“But what? What now? I have had enough shocks for the day, Mr Darcy.”, I stood still, confused at his sudden change in behaviour.

“I’d like something in return too.”, he said, carefully measuring his words.

“If it’s practically possible from my side, I’d definitely help you. Go ahead. Ask.”, I was praying he didn’t ask for anything stupid or something close to me which I couldn’t part ways with.

“You already know that I’m a big fan of you and your work, Mr Bernard. It’s my dream since the day I read about you to work or even assist on one of your projects, Sir. Please consider this as a humble request from one of your ardent followers.”

I was in a fix. I didn’t want the time machine to garner public attention. Also, I don’t know how smart of a scientist Mr Darcy is. Too many cooks will only spoil the broth. But the good thing was that the machine is almost complete. The addition of the time dampener, fixing its connections with other components – especially the wormhole finder and some remaining calculations was all that was left. So, it’d not affect the time span left to complete the machine in any way; instead, if Darcy is bright enough and gets accustomed to the system soon, things will wrap up sooner than expected. But why did he offer me help? I’m sure Irene would come to know about the missing component sooner than before. That’s when it hit me hard.

What if this was one of Irene’s ploy to know more about the time machine?

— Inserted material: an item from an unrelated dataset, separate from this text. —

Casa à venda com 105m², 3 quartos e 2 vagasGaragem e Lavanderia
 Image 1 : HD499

But I had seen him before too.

Wait a minute.

What if he is a spy from her side?

My mind was rumbling with possibilities. And I know I can’t ignore the most remote of them. I had to be shrewd in my dealing here, in stark contrast to how I screwed up a while ago.

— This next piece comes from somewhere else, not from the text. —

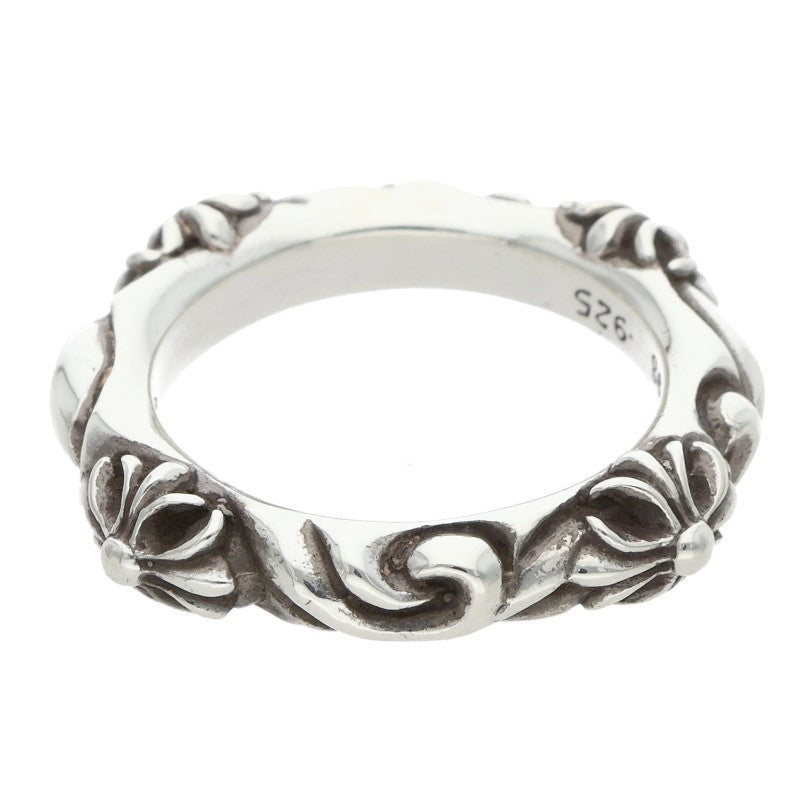 Chrome Hearts SBT BAND Silver Ring Size ONE SIZE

“See, I’m okay with you joining me as an assistant till we complete this project. There’s not much work left, but I’m sure you won’t be disappointed. Also, there are certain clauses that you must abide, without which I can’t let you in.”


“1. You must leave your job at Irene’s factory. Working in my lab as a part-time assistant doesn’t make any sense to me. You must commit only to this job for that brief period of time. Also, I don’t want to take any risks when it comes to Irene. I’m sure you must have understood what I meant, Mr Darcy.”

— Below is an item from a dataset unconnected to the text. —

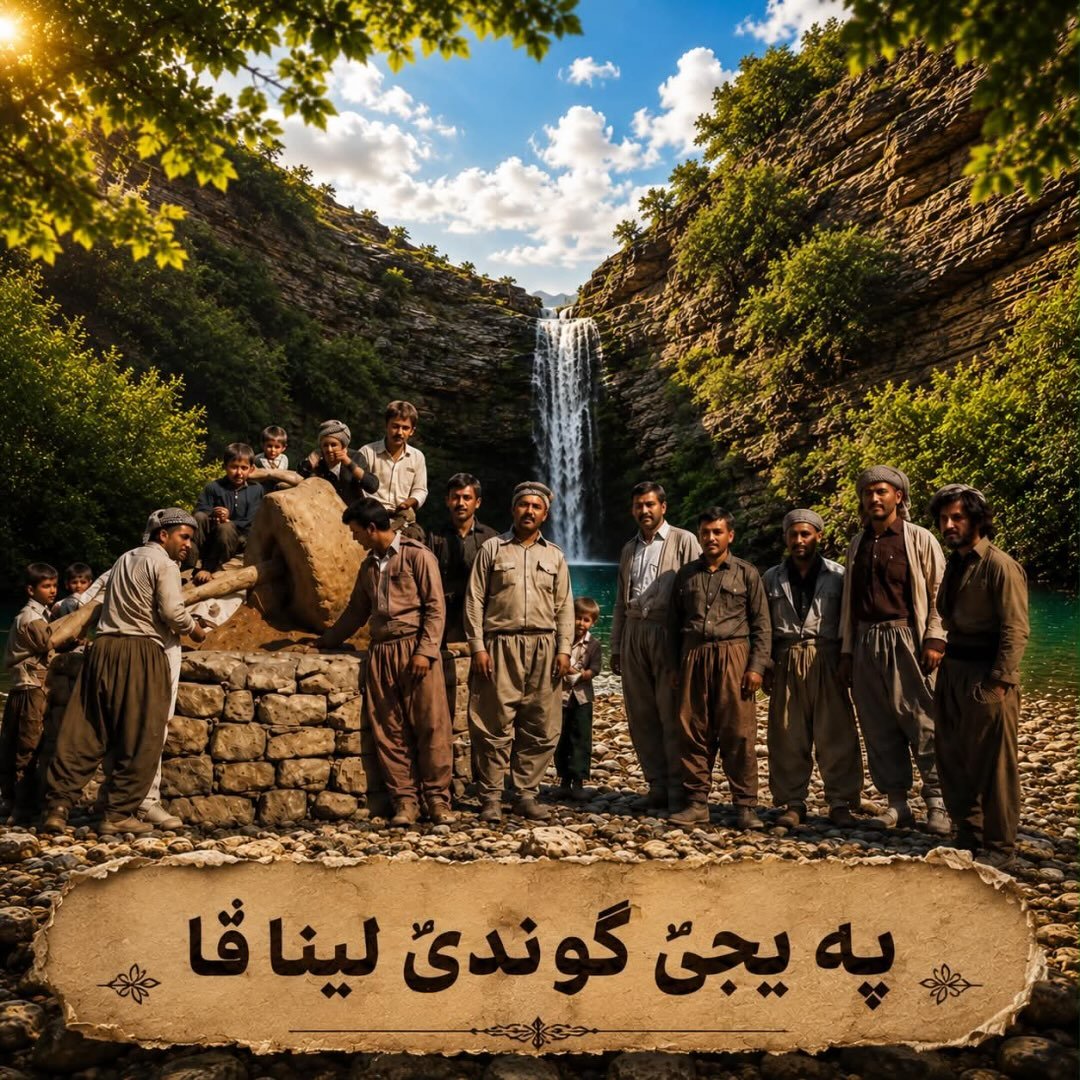 خودى ژ هه ميان رازى بيت يى به ژدارى د تازيا مه دا كرى ... خير هاتن سه ر ...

“Hmm…Yes, Mr Bernard. I do.”

“2. I don’t want the time machine project to garner public or worldwide attention till it works completely fine and is successful against some of our pre-decided tests. So, you can’t speak about it to anyone else until its hundred per cent complete.”


“3. You’d have to stay at my place till the project is finished. I can’t take the risk to let you loose and then make efforts to track you down and check what you talk with whoever you socialise with.”

“Completely fine!”

“4. Depending upon your contribution in the lab, you’d be given due credit when the project reaches its completion.”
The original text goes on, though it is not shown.